▶ What you need to do: Look through the listing below and write out exactly the lines from the line with "Chronic obstructive pulmonary" to the line with "Implantes dentales, salud", both included, and no others.

Information Start Marker

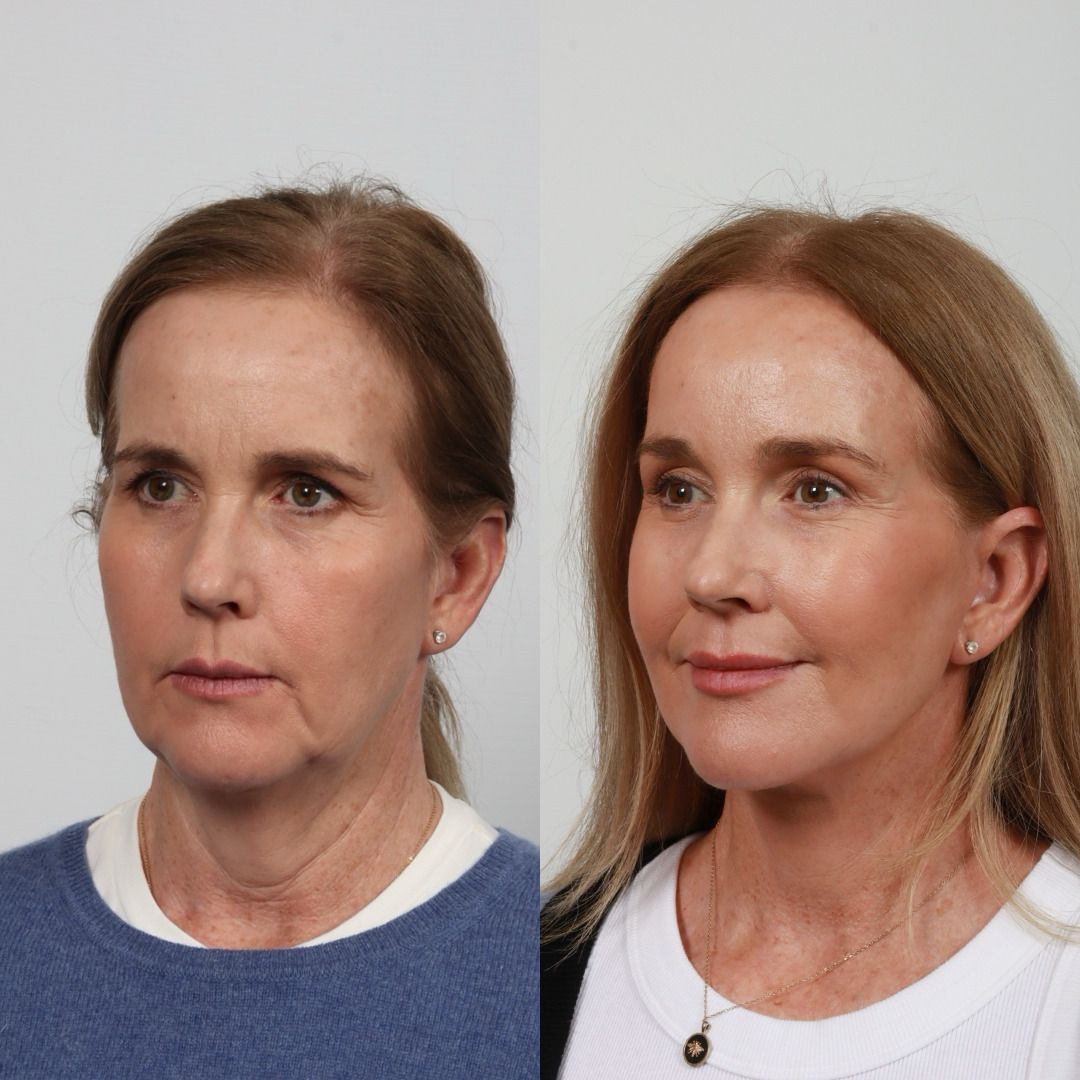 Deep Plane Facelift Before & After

Information End Marker
Information Start Marker

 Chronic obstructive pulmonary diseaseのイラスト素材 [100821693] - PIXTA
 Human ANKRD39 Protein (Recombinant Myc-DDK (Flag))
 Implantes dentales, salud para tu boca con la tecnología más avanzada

Information End Marker

▶ Solved problem:
 Chronic obstructive pulmonary diseaseのイラスト素材 [100821693] - PIXTA
 Human ANKRD39 Protein (Recombinant Myc-DDK (Flag))
 Implantes dentales, salud para tu boca con la tecnología más avanzada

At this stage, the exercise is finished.